Not Another Giant Squid

Ugh I'm so freakin' sick of Giant Squids.

Or sure, they seem really cool at first, y'know, the way their suction cups latch onto people and tear their skin and drag 'em screaming down the beach, the way they hold you underwater 'til ya drown, or the way they can pick a guy up off a boat and yank him high into the air and then squish 'im in half with their tentacle, catching the meat globs in their mouth, I mean, what the hell could beat that, right?

But that's all they do.

Oh yah, right, they do spit ink every once in a while, and they do do that comedy relief thingie where the two tentacles fight over a guy and tear him apart, but then that's really it, that's all they do.

Yah, that's it.

Its just that same freakin' stuff over and over again, dragging some guy down the beach, drowning somebody, picking a guy way up high in the air and squishin' 'im in half and catching the meat globs in their mouths, spitting ink, and the dueling tentacles laffer.

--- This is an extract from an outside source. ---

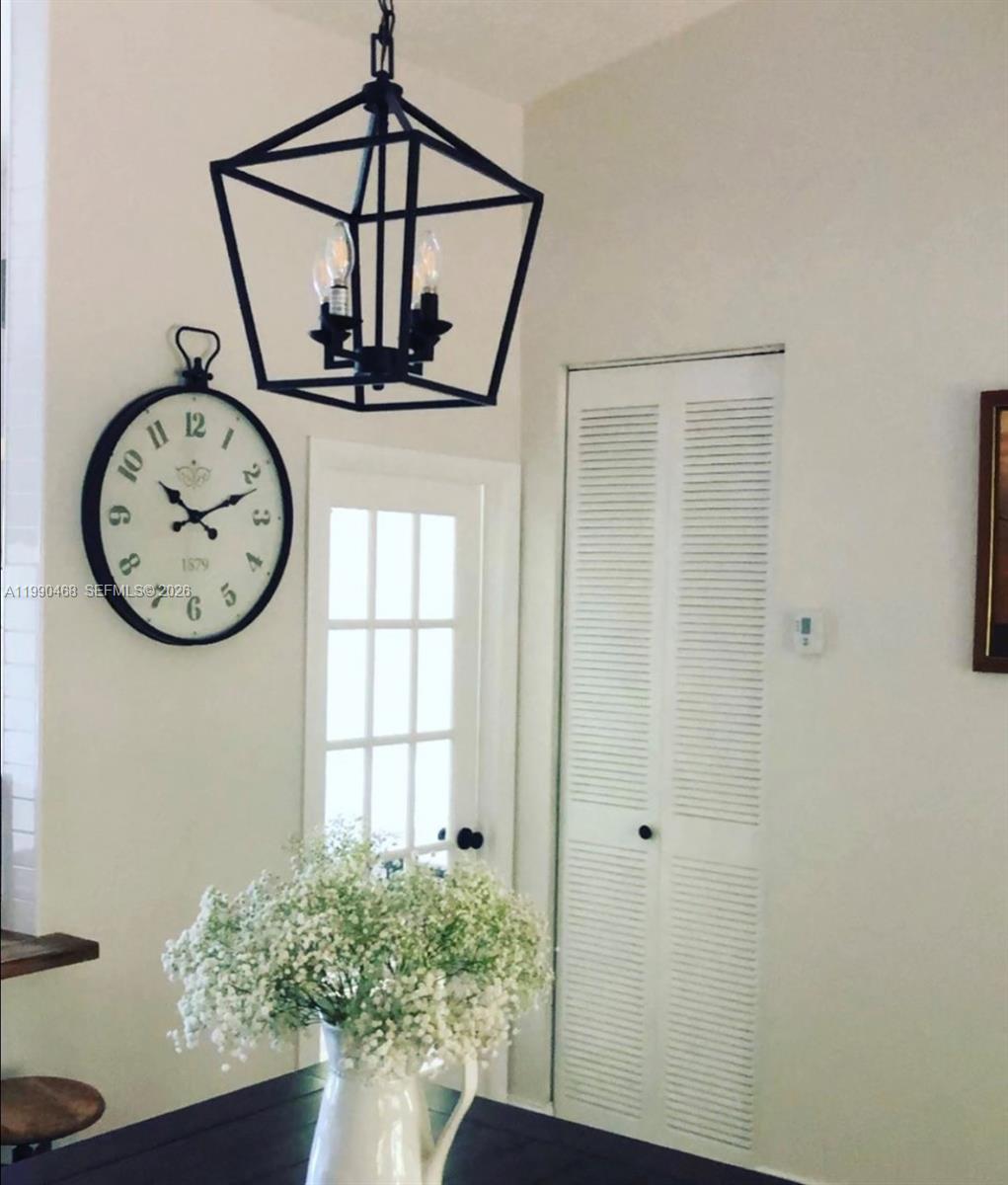 A dining area features a black lantern pendant light, a wall clock, and white doors — 11269 SW 116th Ter # 11269, Miami FL 33176, MIAMI, FL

Over and over and over and over again.

And everywhere we go, it seems like we're always stuck fighting one Giant Squid after another.

Its like that's all there freakin' is, man.

There's a million of 'em!

I'm just so sick of the damn things, there's just gotta be more to it than this.

I dunno, I think mebbe its the spit I really hate, mebbe they wouldn't be so bad if it weren't fer all the freakin' spit.

Yah, and watchin' folks get their skin torn off and dragged through the sand and drowned and gettin' squished in half and eaten really starts to suck after a while.

And oh man, that dueling tentacle comedy thingie sucks some serious freakin' ass, too.

Man, I dunno why I ever took this job.